Your instructions: All lines from the one containing "the fourth inning." through the final line of the entries are to be written out verbatim; no other line is to be included.

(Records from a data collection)
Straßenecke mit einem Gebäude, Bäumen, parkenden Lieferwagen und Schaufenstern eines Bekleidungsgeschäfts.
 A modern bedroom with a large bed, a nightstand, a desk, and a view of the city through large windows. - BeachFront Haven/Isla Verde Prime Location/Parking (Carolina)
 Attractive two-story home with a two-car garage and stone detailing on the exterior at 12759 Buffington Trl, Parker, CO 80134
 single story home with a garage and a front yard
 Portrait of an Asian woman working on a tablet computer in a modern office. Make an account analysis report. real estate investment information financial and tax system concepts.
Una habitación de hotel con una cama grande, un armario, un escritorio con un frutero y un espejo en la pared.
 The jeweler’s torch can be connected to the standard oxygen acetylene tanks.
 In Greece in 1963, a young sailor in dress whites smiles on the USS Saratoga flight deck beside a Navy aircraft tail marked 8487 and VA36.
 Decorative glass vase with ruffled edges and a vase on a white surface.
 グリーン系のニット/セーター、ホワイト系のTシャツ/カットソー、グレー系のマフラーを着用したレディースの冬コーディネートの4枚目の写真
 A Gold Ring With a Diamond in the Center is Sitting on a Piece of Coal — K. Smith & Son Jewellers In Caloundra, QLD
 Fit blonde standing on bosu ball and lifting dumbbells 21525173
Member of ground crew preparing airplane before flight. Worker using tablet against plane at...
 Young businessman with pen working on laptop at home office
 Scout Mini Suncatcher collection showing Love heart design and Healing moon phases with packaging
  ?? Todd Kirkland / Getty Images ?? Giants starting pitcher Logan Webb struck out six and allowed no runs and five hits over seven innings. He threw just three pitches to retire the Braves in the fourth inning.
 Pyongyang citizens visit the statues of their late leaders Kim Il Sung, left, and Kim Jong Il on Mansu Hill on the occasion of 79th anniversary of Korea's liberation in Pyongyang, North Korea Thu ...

Exercise result:
  ?? Todd Kirkland / Getty Images ?? Giants starting pitcher Logan Webb struck out six and allowed no runs and five hits over seven innings. He threw just three pitches to retire the Braves in the fourth inning.
 Pyongyang citizens visit the statues of their late leaders Kim Il Sung, left, and Kim Jong Il on Mansu Hill on the occasion of 79th anniversary of Korea's liberation in Pyongyang, North Korea Thu ...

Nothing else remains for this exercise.